Non chiamatela più Khaleesi
Imprevedibile, ma in alcuni casi terribilmente lento. È il caso di Daenerys, ancora in balia dei Dothraki e alle prese con un passato da rinnegare e un futuro da scrivere. La pazienza è la miglior virtù degli amanti di questa serie, però in certi casi si abusa dell’attestato di fiducia. L’unico punto forte dello spazio dedicato alla giovane Targaryen è l’organicità con la quale è inserita nel contesto dell’episodio, incentrata sul concetto dei giuramenti da rompere. Anche lei lo fa, e della Khaleesi di un tempo non resta altro che l’amore sincero provato per Khal Drogo. Ora come ora i Dothraki, popolo d’adozione di Daenerys, non sono altro che un impiccio che rallenta la sua storyline e ci lascia bramare una svolta definitiva che attendiamo dalla prima stagione. Tanto, troppo tempo. Persino se si aspetta una come lei.

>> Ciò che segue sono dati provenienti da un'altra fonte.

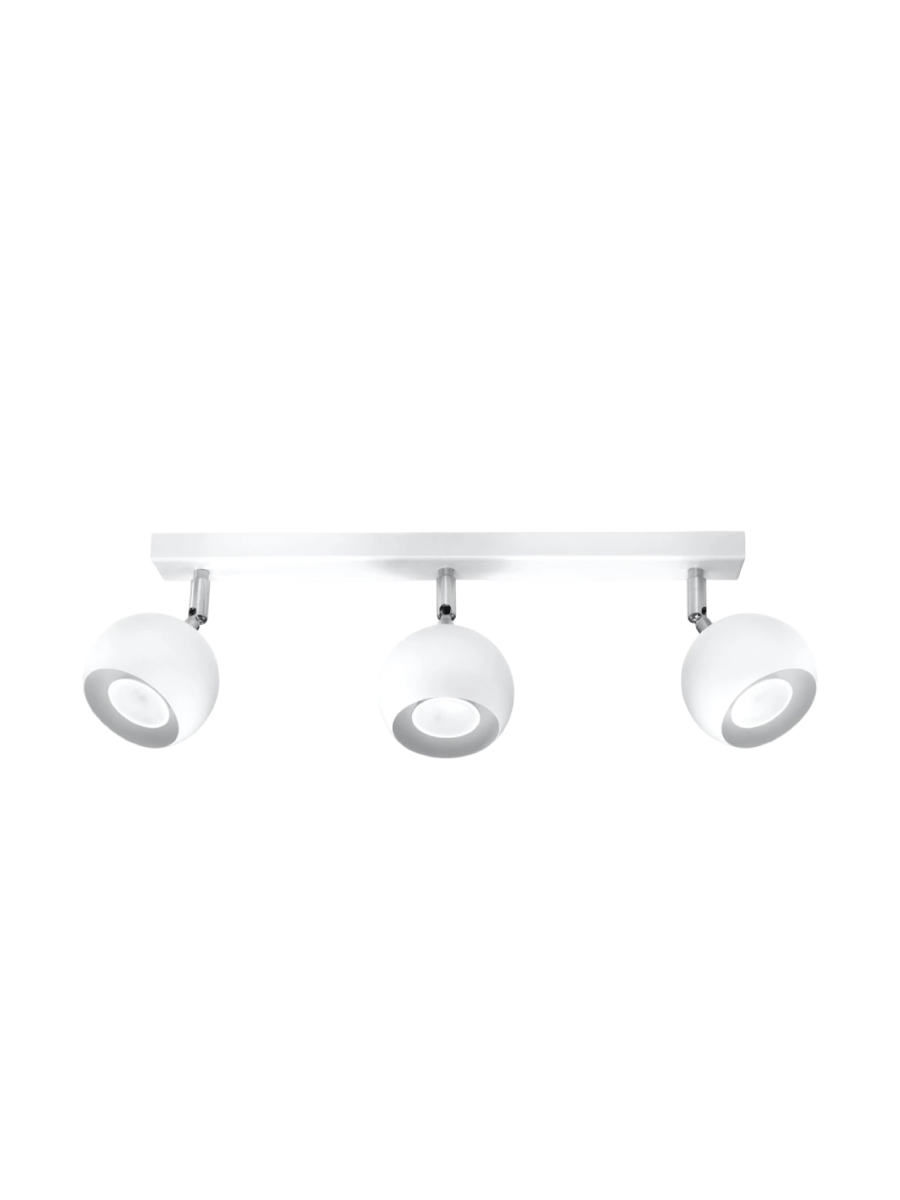 
Design Deckenlampe „Oculare“ 3-flammig - Weiss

Per fortuna c’è Tyrion. Il personaggio, nonostante sia intrappolato in una morsa narrativa, riesce sempre a regalare la battuta giusta e persino un sorriso, merce rara nel mondo di Game of Thrones. Il “gioco” con Verme Grigio e Missandei vale il prezzo del biglietto. Eppur qualcosa, lentamente, si muove. Tyrion e Varys capiscono ogni volta di più quanto sia difficile il passaggio tra la vecchia e la nuova era e saranno impegnati nella conservazione del regno di Daenerys, sempre più instabile. Saranno fondamentali in questo senso gli uccellini di Varys, potenziali uccellacci se finiscono nelle mani sbagliate (Qyburn docet). Ogni cinguetto è uno strumento di potere. Ogni cinguettio è di per sé una scalata verso il raggiungimento di un obiettivo. Oppure una conservazione dello stesso.
Caos calmo
A proposito di uccellacci, uccellini e conservazione del potere, non si può non citare Cersei, sempre più immersa nel caos calmo dell’anarchica Approdo del Re. Non si capisce più nulla, e gli equilibri si infrangono in conseguenza di un bug di potere che persiste dalla morte di Tywin.

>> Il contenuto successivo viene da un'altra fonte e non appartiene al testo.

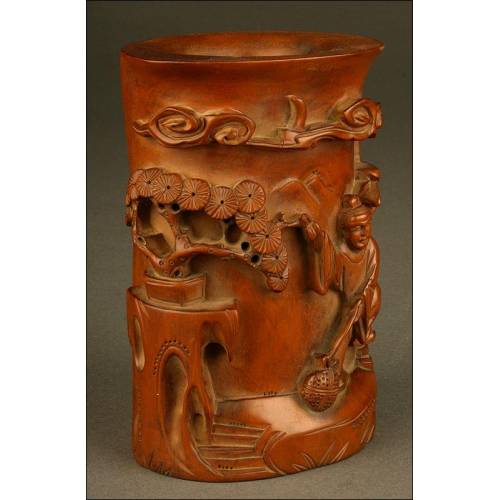 Chinese Brush Jar, 1920s.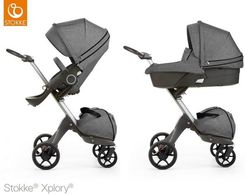 Wózek Stokke Xplory V5 Black Melange Głęboko Spacerowy Fotelik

Chi comanda ad Approdo? Impossibile dare una risposta. Qualcuno potrebbe pensare ai Lannister, ma è difficile capire quali Lannister (Kevan e Cersei sono tutto, meno che una cosa sola). Qualcuno potrebbe pensare al re, e formalmente lo è. Peccato che il confronto di Tommen con l‘Alto Passero si trasformi da una guerra dei mondi ad un improbabile lezione di catechismo nell’arco di poche battute.
Forse siamo arrivati ad una risposta: il re vale quanto un jolly a poker, certi Lannister flirtano con i Tyrell, altri li vorrebbero morti e intanto l’Alto Passero domina incontrastato. Per quanto tempo sarà così? Il caos è relativamente calmo, ma non potrà essere eterno. Un po’ come un giuramento, e si ritorna così alla base di partenza.
C’è chi rinnega se stessa per ritrovare uno sguardo sul mondo e una nuova identità senza identità (Arya), chi sembra allontanarsi dalla promessa di matrimonio (Tommen), chi colpisce vilmente alle spalle per salvare un amico (Howland), chi è disposto a rimangiarsi una parola data in nome dell’amore (Sam), chi giura portando in dote la testa di un metalupo e probabilmente trama alle spalle del proprio Lord (i Karstark) e chi finisce la guardia e inizia una nuova vita. La vecchia vita, forse nata all’interno di una Torre e destinata alla mitologia. Può esistere un obiettivo più importante?